> **Task requirements**
Down to the last line, reproduce the data below exactly.

> **Data excerpt**
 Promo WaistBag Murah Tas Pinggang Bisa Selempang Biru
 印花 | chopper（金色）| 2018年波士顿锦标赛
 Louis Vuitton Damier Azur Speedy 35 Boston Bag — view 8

> **Answer to the exercise**
 Promo WaistBag Murah Tas Pinggang Bisa Selempang Biru
 印花 | chopper（金色）| 2018年波士顿锦标赛
 Louis Vuitton Damier Azur Speedy 35 Boston Bag — view 8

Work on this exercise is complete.